Given: - \(x = 72\), the specific observation you want a z-score for
- \(\mu = 60\), the population average
- \(\sigma = 12\), the population standard deviation

Calculation:
\(z = \frac{72 - 60}{12} = 1.00\)

Answer: \(z = 1.00\)

3.1.3 📝Homework problems📝

The population average IQ is 100. The population standard deviation is 15. What is the z-score for an individual with an IQ score of 124?

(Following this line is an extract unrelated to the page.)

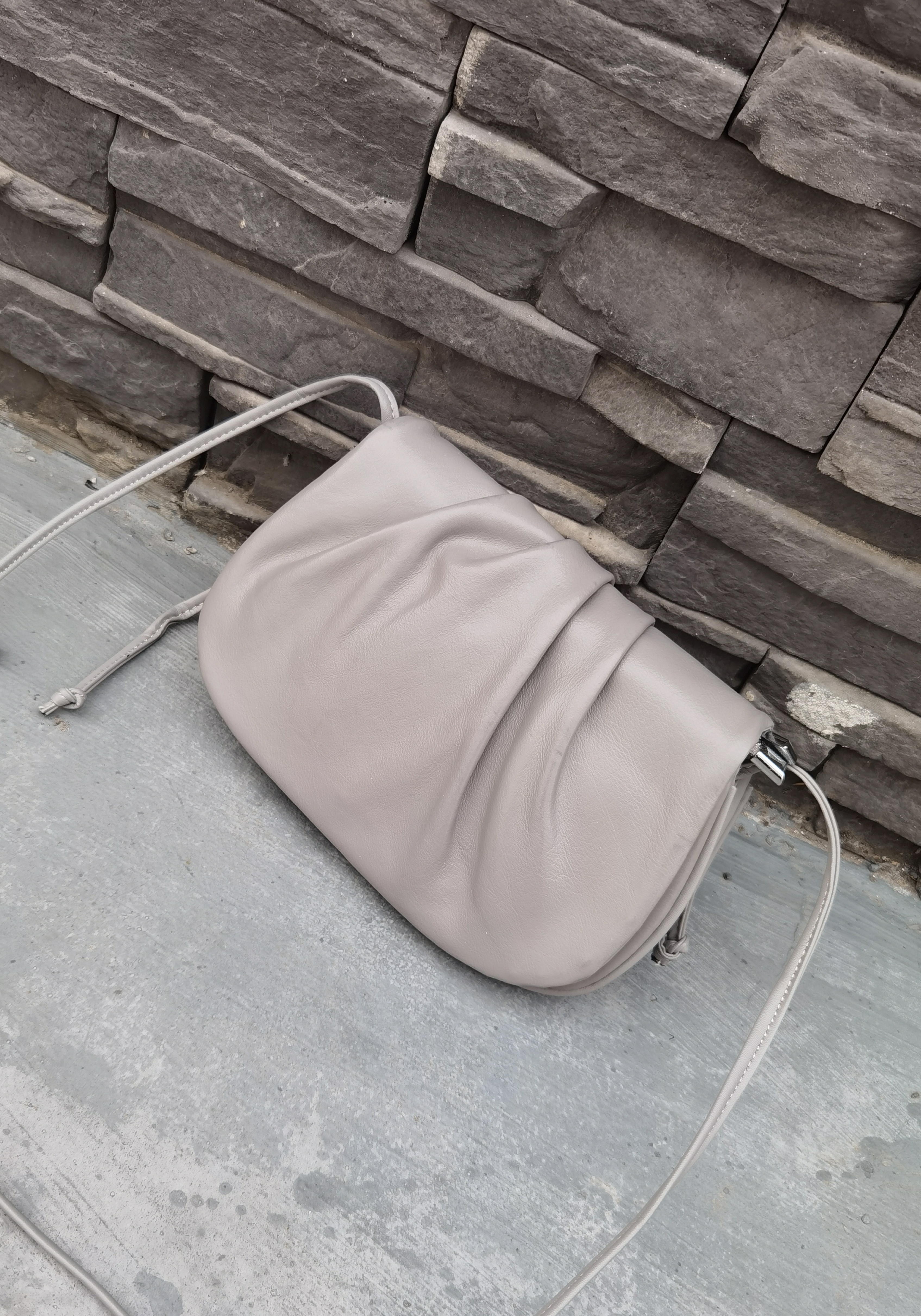 На фото 1 - Женская  сумка-седло из натуральной кожи, цвет серый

A coding website says on their website that, on average, it takes 4.5 months for someone to complete their course. They note a standard deviation of 2.5 months in completion time. If you completed the course in 6 months, where would you fall in relation to the average user? Calculate a z-score to find out.
Josh has a z-score of 1.50 for his puzzle solution time. The population mean is 3 minutes, with a standard deviation of 6 minutes. How long did it take josh to solve the puzzle?
Jaime took 10 tries to make a free throw. The population standard deviation for the number of tries needed to make a free throw is 2. Jaime’s z-score was -1. What’s the population mean for number of tries needed to make a free throw?
Luka scored an 8 on the GNC exam, this is above the population average of 4. Her z-score was 2. What is the population standard deviation of GNC exam scores?

3.2 Group z-test

3.2.1 🧠Referesher🧠

A z-score tells you where a single observation falls in relation to the rest of the population. But if you’re comparing a sample average to a population, you’ll need a one-sample z-test instead. These tests account for sampling error—the natural variation that occurs from sample to sample. For example, if you randomly select 10 band kids and calculate their average IQ, that average likely won’t match the population average. If you repeated this process with many random samples of 10 band kids, you’d see each group’s mean IQ fluctuate slightly.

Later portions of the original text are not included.